C2_M1_Lab_4_Efficiency Suspected bug in the code

DAResaid · December 31, 2025, 11:18am

Hello,

I noticed, that both subsets: “train_set” and “val_set“ in the “get_data_loaders_with_validation“ function (the “Training and Evaluation“ section of the lab) end up with the same transform – “transform_test“ – since the line “full_trainset = datasets.CIFAR10(root=‘./cifar10’, train=True, download=True, transform=transform_train)” just stores the transform function, “random_split” does not copy the data, and the line “val_set.dataset.transform = transform_test“ redefines the transform on the shared “full_trainset” object, i.e. for both “train_set” and “val_set“ subsets (please, see the attached screenshot).

Am I reading the code correctly? And if yes, Is that intentional choice or should different dataset objects be used (i.e. defined differently)?

Thank you!

Deepti_Prasad · December 31, 2025, 1:00pm

no @DAResaid at one place where transform_train is being used for train_set,

the test is using the val_set transformer as it clearly mentions apply the nonaugmented test transform to the validation transform where probably train=False would be mentioned.

DAResaid · December 31, 2025, 1:47pm

I am sorry, but I am not sure I got your “at one place where transform_train is being used for train_set“. At which “one place”? If you mean in the line “full_trainset = datasets.CIFAR10(root=‘./cifar10’, train=True, download=True, transform=transform_train)”, which I mentioned in my message, then by my understanding it does not help with my question/concern as I explained above.

So I would like somebody to review my arguments in my initial message about possible issue with the code, and either explain to me what’s wrong with them (with my arguments) or let me know what is the reason to have “train_set” and “val_set“ subsets with the same transform in this lab.

Thank you!

Deepti_Prasad · December 31, 2025, 2:20pm

full_trainset doesn’t mean train_set and val_set it only means train_set.

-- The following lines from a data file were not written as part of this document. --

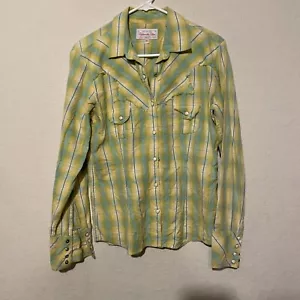 Panhandle Slim Stressed western wear With Pearl Snaps Size Medium - Picture 1 of 8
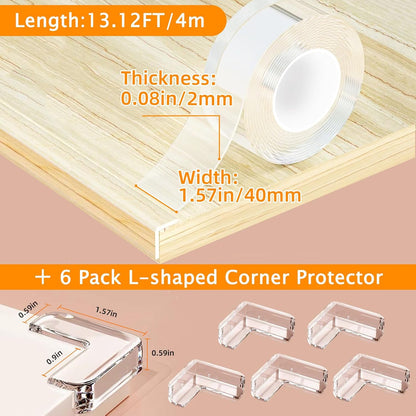 Corner Protectors Baby Proofing,2 in x 6.6ft Clear Edge Protector Strip,Furniture Corner Guards,Cabinets,Tables and Window Sill Sharp Corner Safety Bumpers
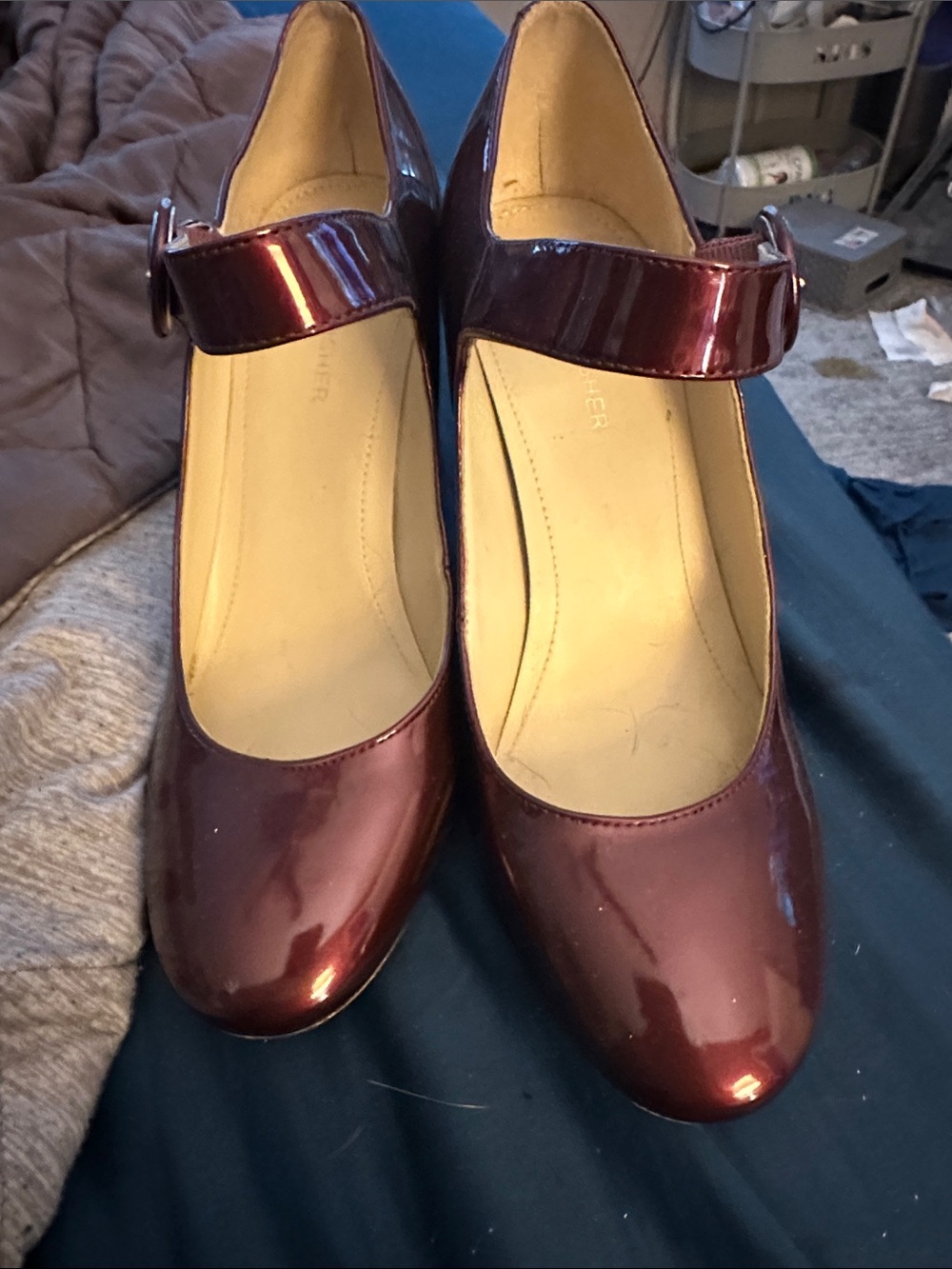 Marc Fisher Burgundy Patent Mary Jane Heels with Strap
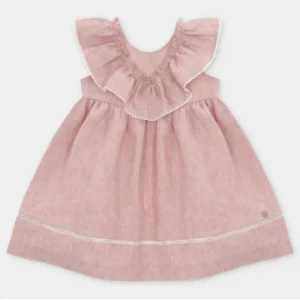 VESTIDO LINO CON VOLANTE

Probably they need to remove that full to avoid such confusion for learners.

@Mubsi, please confirm or clear confusion for learner.

paulinpaloalto · December 31, 2025, 4:43pm

Wow, the OOP waters are getting pretty deep here and this is a very subtle point, which took some sharp understanding to recognize. It will require either a) some very careful study of the APIs being used or b) instrumentation using the python id() function to see whether the objects are actually the same. Or perhaps both. Well, I guess you could also try sampling the output of the train_set and see if you can detect whether the augmentations are actually happening or not, but that may not be so easy to discern.

I will take a swing at the id() strategy and see if I can get anywhere with that.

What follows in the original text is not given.